5.11.14

Libélula VII


Cuando te conocí tenías el corazón a medio estrenar y los ojos brillantes. Solías cogerme de los pies cuando estaba leyendo descalza, como de costumbre, para pintarme las uñas a modo de juego o de venganza por no estar prestándote atención en ese preciso instante. Estaba tan acostumbrada a tus mimos que siempre me preguntaba qué sería de mí el día que me faltasen y, cuando tú me decías que no me tenían que faltar, yo esbozaba una media sonrisa entre el desencanto y el deseo y cambiaba de tema, porque cómo explicarte la sospecha de que tenía un destino aciago en donde precipitarme, y que nada tenía que ver con esa sensación que a muchos nos acompaña de que moriremos jóvenes.
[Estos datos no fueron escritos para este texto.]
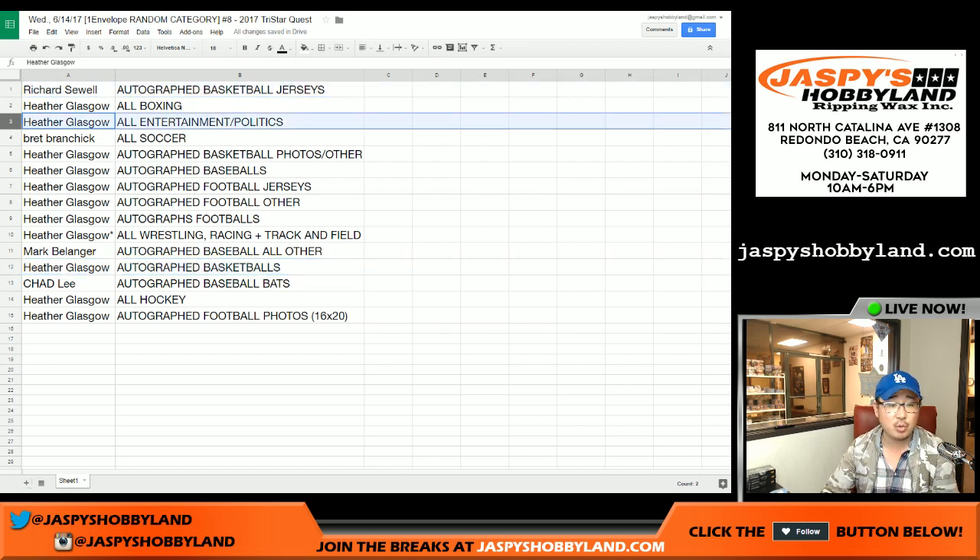There may be an instance where an actor will sign on a football jersey — that'll be for all entertainment. So Richard, you got the jerseys, boxing, entertainment and politics, soccer, basketball photos and other autographed baseballs, football jerseys, football other autographed footballs, all wrestling, racing, track and field for Heather. Brett, you have the all soccer, Richard with that spot right there.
No, era más bien algo desde las entrañas que me decía hacia dónde ir y que a veces se contradecía y me confundía, pero pensaba en ti y me tranquilizaba porque cómo iba a ser malo un mundo donde existieses tú. Y cuando volvía a casa una vez más destrozada por los nervios, me cogías de las muñecas y me arrastrabas al sofá a pesar de mis protestas, abrazándome tan fuerte que sentía tu respiración como si fuese mía y me calmaba, y ya todo estaba en su lugar. Quizá fuiste el único que llegó a comprender de verdad lo que significaba para mí tener un espíritu tan fuerte y un corazón tan frágil, un sinsentido que me llevaba a huir de situaciones complejas pero también de las demasiado sencillas, y me hacía vivir en la constante diatriba de que en ocasiones se me quejase el alma y en otras la mente; me resultaba tan difícil callarlas a las dos y que hubiera suficiente silencio para dormir bien por la noche. Y en realidad a veces sólo quería poner el dolor en alquiler unos momentos, porque cómo va a ser alguien a un mismo tiempo roca y fuente. Tan sólo me endurecía y me hacía cargo de realidades más extrañas que la mía que me superaban ampliamente. Sin embargo, cada vez que soplaba el viento demasiado fuerte me arropaba en tu mirada y en unas manos que me protegían mejor que mis propias costillas y así al final, por más cataclismos y desventuras que viviese, lo que me quedaba era mirarte a los ojos y que desde ellos me tendieras esos lazos invisibles que rodeaban mi cintura y me hacían comprender que tú y yo siempre seríamos aliados en un permanente período entreguerras.